:: SUPPLIED INFORMATION ::

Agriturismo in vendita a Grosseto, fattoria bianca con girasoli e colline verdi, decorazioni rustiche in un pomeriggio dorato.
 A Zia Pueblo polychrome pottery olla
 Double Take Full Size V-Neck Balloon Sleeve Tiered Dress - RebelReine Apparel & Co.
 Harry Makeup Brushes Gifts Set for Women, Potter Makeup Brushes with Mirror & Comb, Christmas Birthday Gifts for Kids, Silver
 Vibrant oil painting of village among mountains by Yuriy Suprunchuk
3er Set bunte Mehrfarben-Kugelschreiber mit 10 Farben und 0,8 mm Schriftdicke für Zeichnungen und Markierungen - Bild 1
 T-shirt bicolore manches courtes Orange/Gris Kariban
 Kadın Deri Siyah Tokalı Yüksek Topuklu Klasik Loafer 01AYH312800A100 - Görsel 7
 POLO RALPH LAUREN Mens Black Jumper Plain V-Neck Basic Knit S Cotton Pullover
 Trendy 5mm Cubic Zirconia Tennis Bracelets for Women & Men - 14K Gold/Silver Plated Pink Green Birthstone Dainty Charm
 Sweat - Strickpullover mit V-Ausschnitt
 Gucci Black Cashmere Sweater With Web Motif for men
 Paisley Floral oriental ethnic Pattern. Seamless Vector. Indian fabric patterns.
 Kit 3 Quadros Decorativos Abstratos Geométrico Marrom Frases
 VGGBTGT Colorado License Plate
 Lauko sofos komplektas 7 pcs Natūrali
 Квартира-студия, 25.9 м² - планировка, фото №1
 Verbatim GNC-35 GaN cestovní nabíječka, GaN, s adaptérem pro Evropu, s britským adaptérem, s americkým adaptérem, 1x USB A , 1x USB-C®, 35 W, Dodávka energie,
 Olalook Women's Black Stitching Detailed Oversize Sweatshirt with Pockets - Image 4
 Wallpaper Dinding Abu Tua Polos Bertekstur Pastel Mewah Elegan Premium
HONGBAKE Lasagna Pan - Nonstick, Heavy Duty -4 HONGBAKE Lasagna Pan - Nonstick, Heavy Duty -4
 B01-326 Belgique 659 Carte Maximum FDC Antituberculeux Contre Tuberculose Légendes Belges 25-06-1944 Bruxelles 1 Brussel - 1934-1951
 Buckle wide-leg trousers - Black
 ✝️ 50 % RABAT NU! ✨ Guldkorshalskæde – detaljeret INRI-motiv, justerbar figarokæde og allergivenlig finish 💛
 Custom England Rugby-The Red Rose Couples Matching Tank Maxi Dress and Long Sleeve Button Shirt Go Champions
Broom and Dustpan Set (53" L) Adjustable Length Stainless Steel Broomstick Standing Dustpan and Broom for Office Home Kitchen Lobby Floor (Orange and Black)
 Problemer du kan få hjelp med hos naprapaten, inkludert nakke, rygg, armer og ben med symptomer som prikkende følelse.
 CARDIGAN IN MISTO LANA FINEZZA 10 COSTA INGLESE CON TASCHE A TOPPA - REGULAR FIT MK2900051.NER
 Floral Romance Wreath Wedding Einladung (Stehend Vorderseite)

:::

WORK REQUEST:
Copy out the lines above exactly, beginning at the one that contains "T-shirt bicolore manches" and ending at the one that contains "Verbatim GNC-35 GaN".

RESULT BELOW:
 T-shirt bicolore manches courtes Orange/Gris Kariban
 Kadın Deri Siyah Tokalı Yüksek Topuklu Klasik Loafer 01AYH312800A100 - Görsel 7
 POLO RALPH LAUREN Mens Black Jumper Plain V-Neck Basic Knit S Cotton Pullover
 Trendy 5mm Cubic Zirconia Tennis Bracelets for Women & Men - 14K Gold/Silver Plated Pink Green Birthstone Dainty Charm
 Sweat - Strickpullover mit V-Ausschnitt
 Gucci Black Cashmere Sweater With Web Motif for men
 Paisley Floral oriental ethnic Pattern. Seamless Vector. Indian fabric patterns.
 Kit 3 Quadros Decorativos Abstratos Geométrico Marrom Frases
 VGGBTGT Colorado License Plate
 Lauko sofos komplektas 7 pcs Natūrali
 Квартира-студия, 25.9 м² - планировка, фото №1
 Verbatim GNC-35 GaN cestovní nabíječka, GaN, s adaptérem pro Evropu, s britským adaptérem, s americkým adaptérem, 1x USB A , 1x USB-C®, 35 W, Dodávka energie,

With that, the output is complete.